§ Assigned task:
Begin at the line with "T18276Z Vintage Round Titanium Eyeglasses" and output every line through the end of the records, exactly as given. Omit pictures.
####################
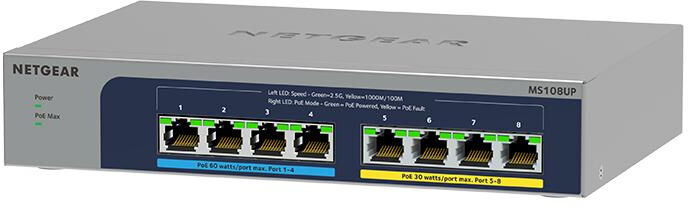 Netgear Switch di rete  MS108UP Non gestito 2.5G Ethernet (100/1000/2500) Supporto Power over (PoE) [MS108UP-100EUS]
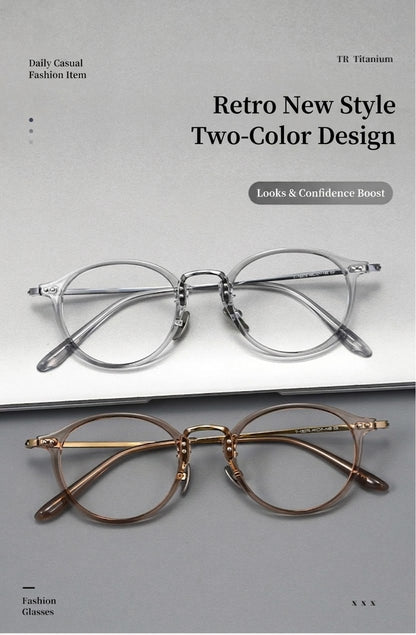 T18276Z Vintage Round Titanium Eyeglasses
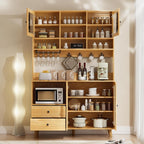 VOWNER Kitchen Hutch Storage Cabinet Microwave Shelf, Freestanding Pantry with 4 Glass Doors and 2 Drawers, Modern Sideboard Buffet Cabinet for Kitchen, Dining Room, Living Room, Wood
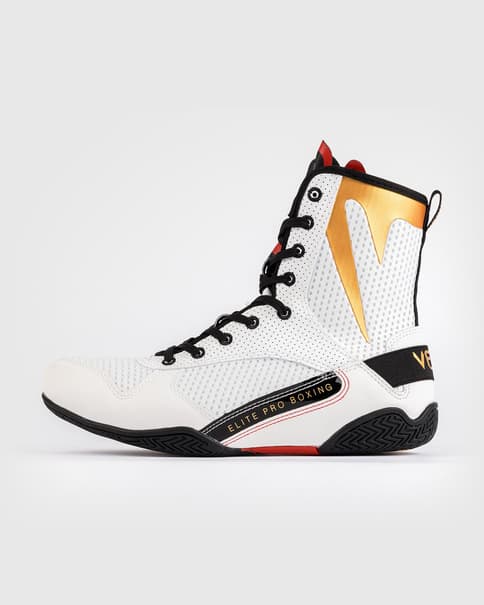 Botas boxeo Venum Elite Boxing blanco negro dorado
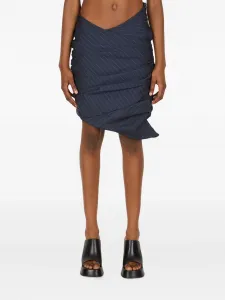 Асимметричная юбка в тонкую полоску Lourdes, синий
####################
§ Exercise solution:
 T18276Z Vintage Round Titanium Eyeglasses
 VOWNER Kitchen Hutch Storage Cabinet Microwave Shelf, Freestanding Pantry with 4 Glass Doors and 2 Drawers, Modern Sideboard Buffet Cabinet for Kitchen, Dining Room, Living Room, Wood
 Botas boxeo Venum Elite Boxing blanco negro dorado
 Асимметричная юбка в тонкую полоску Lourdes, синий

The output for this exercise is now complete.